Segment Start: SUPPLIED INFORMATION

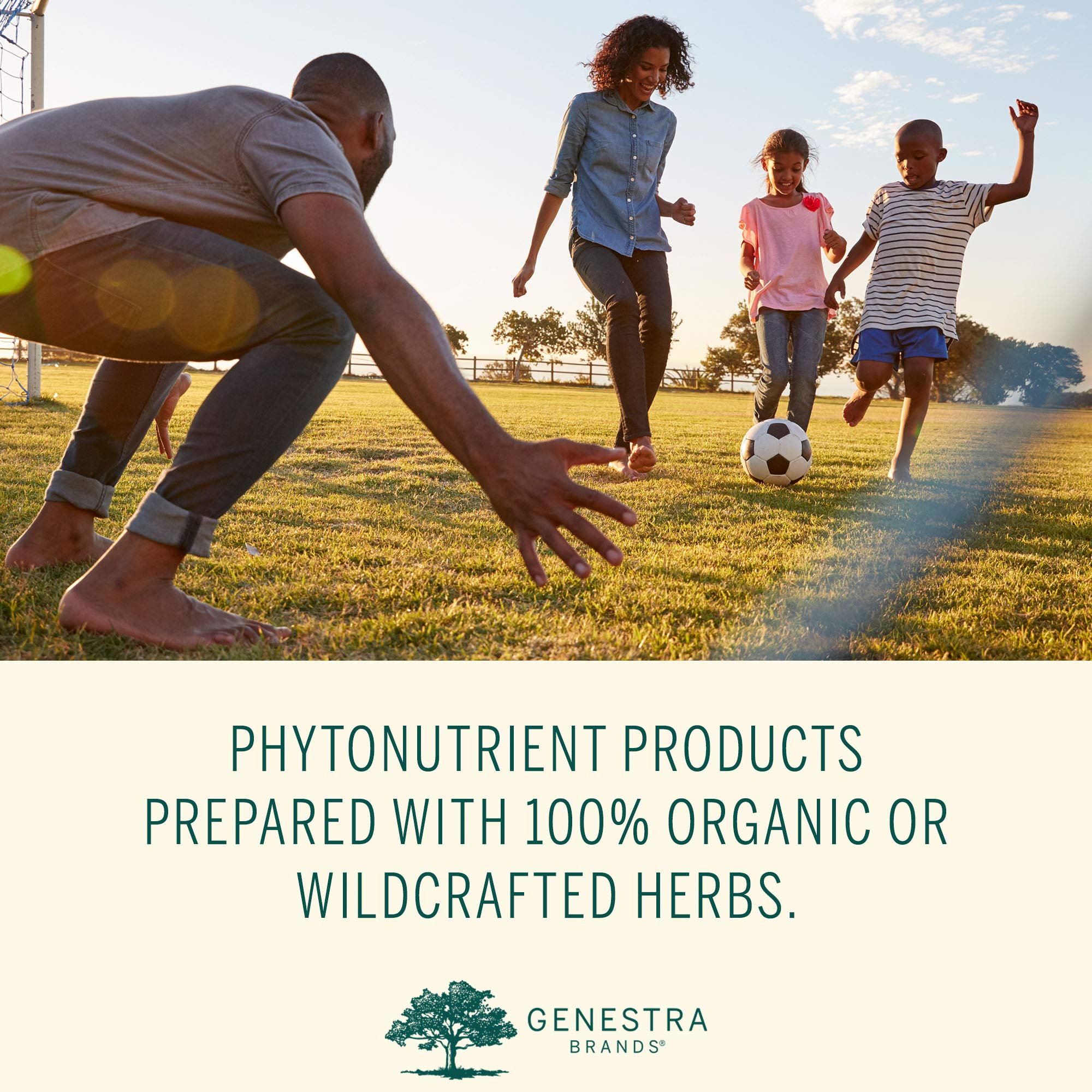 Genestra Phyto Greens formule carvacrol: huile d'origan intégrée.
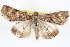  ( - BIOUG04675-A04)  @14 [ ] CreativeCommons - Attribution (2013) CBG Photography Group Centre for Biodiversity Genomics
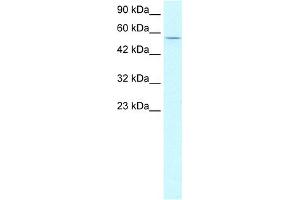WB Suggested Anti-CCNL1 Antibody Titration: 2. (Cyclin L1 Antikörper  (N-Term))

Segment End: SUPPLIED INFORMATION

YOUR ASSIGNMENT:
Apart from the images, please copy every line of the data exactly as written.

RESPONSE:
 Genestra Phyto Greens formule carvacrol: huile d'origan intégrée.
  ( - BIOUG04675-A04)  @14 [ ] CreativeCommons - Attribution (2013) CBG Photography Group Centre for Biodiversity Genomics
WB Suggested Anti-CCNL1 Antibody Titration: 2. (Cyclin L1 Antikörper  (N-Term))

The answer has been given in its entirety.